**ASSIGNMENT**:
Every entry is to be returned verbatim.

....

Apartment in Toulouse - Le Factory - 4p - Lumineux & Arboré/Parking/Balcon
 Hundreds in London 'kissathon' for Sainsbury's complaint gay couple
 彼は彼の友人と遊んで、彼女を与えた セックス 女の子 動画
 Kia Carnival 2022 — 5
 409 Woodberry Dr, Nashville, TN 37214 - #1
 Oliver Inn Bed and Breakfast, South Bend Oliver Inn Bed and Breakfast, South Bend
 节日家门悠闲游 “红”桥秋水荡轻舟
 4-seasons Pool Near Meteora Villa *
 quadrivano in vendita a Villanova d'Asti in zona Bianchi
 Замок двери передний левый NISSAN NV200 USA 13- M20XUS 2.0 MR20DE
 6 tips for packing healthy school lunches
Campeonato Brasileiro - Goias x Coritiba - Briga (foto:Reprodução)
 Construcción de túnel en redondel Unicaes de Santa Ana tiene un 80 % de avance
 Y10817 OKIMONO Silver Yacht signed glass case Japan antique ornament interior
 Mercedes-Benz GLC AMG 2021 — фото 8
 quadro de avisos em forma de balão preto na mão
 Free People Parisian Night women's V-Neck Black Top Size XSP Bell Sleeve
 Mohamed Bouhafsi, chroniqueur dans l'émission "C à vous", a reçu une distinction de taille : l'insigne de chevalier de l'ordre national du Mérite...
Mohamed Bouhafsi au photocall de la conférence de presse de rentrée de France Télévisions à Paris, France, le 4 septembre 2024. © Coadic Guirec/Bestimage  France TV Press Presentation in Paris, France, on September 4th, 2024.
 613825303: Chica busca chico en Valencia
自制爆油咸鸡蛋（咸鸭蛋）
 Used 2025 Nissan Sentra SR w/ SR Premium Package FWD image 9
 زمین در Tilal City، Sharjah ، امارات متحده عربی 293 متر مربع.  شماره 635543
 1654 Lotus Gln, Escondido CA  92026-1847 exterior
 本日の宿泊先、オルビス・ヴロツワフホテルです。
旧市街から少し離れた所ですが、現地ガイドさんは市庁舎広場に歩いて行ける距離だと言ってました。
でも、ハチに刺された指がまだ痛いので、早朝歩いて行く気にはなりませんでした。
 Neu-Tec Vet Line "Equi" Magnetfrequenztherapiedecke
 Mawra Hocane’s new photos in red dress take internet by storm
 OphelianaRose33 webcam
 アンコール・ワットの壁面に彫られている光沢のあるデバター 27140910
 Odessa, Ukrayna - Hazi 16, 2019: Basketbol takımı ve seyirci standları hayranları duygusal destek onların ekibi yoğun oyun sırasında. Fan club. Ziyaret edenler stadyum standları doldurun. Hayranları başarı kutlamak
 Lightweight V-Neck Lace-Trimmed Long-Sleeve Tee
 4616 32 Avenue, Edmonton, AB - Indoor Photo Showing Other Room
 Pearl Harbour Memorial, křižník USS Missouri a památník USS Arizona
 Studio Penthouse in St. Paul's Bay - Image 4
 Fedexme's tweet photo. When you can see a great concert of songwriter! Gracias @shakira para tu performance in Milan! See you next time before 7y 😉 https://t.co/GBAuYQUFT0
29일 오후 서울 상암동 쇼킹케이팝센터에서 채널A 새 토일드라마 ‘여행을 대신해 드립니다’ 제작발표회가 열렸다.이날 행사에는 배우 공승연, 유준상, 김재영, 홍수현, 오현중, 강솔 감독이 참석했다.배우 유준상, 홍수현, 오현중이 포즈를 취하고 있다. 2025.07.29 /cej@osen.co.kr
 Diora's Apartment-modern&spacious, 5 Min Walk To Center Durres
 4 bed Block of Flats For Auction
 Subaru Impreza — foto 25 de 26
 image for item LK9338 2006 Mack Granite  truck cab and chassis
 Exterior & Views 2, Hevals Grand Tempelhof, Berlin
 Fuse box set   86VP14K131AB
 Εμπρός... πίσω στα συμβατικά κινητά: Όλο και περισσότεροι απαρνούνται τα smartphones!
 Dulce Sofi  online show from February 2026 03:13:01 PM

....

**ANSWER TO THIS PROBLEM**:
Apartment in Toulouse - Le Factory - 4p - Lumineux & Arboré/Parking/Balcon
 Hundreds in London 'kissathon' for Sainsbury's complaint gay couple
 彼は彼の友人と遊んで、彼女を与えた セックス 女の子 動画
 Kia Carnival 2022 — 5
 409 Woodberry Dr, Nashville, TN 37214 - #1
 Oliver Inn Bed and Breakfast, South Bend Oliver Inn Bed and Breakfast, South Bend
 节日家门悠闲游 “红”桥秋水荡轻舟
 4-seasons Pool Near Meteora Villa *
 quadrivano in vendita a Villanova d'Asti in zona Bianchi
 Замок двери передний левый NISSAN NV200 USA 13- M20XUS 2.0 MR20DE
 6 tips for packing healthy school lunches
Campeonato Brasileiro - Goias x Coritiba - Briga (foto:Reprodução)
 Construcción de túnel en redondel Unicaes de Santa Ana tiene un 80 % de avance
 Y10817 OKIMONO Silver Yacht signed glass case Japan antique ornament interior
 Mercedes-Benz GLC AMG 2021 — фото 8
 quadro de avisos em forma de balão preto na mão
 Free People Parisian Night women's V-Neck Black Top Size XSP Bell Sleeve
 Mohamed Bouhafsi, chroniqueur dans l'émission "C à vous", a reçu une distinction de taille : l'insigne de chevalier de l'ordre national du Mérite...
Mohamed Bouhafsi au photocall de la conférence de presse de rentrée de France Télévisions à Paris, France, le 4 septembre 2024. © Coadic Guirec/Bestimage  France TV Press Presentation in Paris, France, on September 4th, 2024.
 613825303: Chica busca chico en Valencia
自制爆油咸鸡蛋（咸鸭蛋）
 Used 2025 Nissan Sentra SR w/ SR Premium Package FWD image 9
 زمین در Tilal City، Sharjah ، امارات متحده عربی 293 متر مربع.  شماره 635543
 1654 Lotus Gln, Escondido CA  92026-1847 exterior
 本日の宿泊先、オルビス・ヴロツワフホテルです。
旧市街から少し離れた所ですが、現地ガイドさんは市庁舎広場に歩いて行ける距離だと言ってました。
でも、ハチに刺された指がまだ痛いので、早朝歩いて行く気にはなりませんでした。
 Neu-Tec Vet Line "Equi" Magnetfrequenztherapiedecke
 Mawra Hocane’s new photos in red dress take internet by storm
 OphelianaRose33 webcam
 アンコール・ワットの壁面に彫られている光沢のあるデバター 27140910
 Odessa, Ukrayna - Hazi 16, 2019: Basketbol takımı ve seyirci standları hayranları duygusal destek onların ekibi yoğun oyun sırasında. Fan club. Ziyaret edenler stadyum standları doldurun. Hayranları başarı kutlamak
 Lightweight V-Neck Lace-Trimmed Long-Sleeve Tee
 4616 32 Avenue, Edmonton, AB - Indoor Photo Showing Other Room
 Pearl Harbour Memorial, křižník USS Missouri a památník USS Arizona
 Studio Penthouse in St. Paul's Bay - Image 4
 Fedexme's tweet photo. When you can see a great concert of songwriter! Gracias @shakira para tu performance in Milan! See you next time before 7y 😉 https://t.co/GBAuYQUFT0
29일 오후 서울 상암동 쇼킹케이팝센터에서 채널A 새 토일드라마 ‘여행을 대신해 드립니다’ 제작발표회가 열렸다.이날 행사에는 배우 공승연, 유준상, 김재영, 홍수현, 오현중, 강솔 감독이 참석했다.배우 유준상, 홍수현, 오현중이 포즈를 취하고 있다. 2025.07.29 /cej@osen.co.kr
 Diora's Apartment-modern&spacious, 5 Min Walk To Center Durres
 4 bed Block of Flats For Auction
 Subaru Impreza — foto 25 de 26
 image for item LK9338 2006 Mack Granite  truck cab and chassis
 Exterior & Views 2, Hevals Grand Tempelhof, Berlin
 Fuse box set   86VP14K131AB
 Εμπρός... πίσω στα συμβατικά κινητά: Όλο και περισσότεροι απαρνούνται τα smartphones!
 Dulce Sofi  online show from February 2026 03:13:01 PM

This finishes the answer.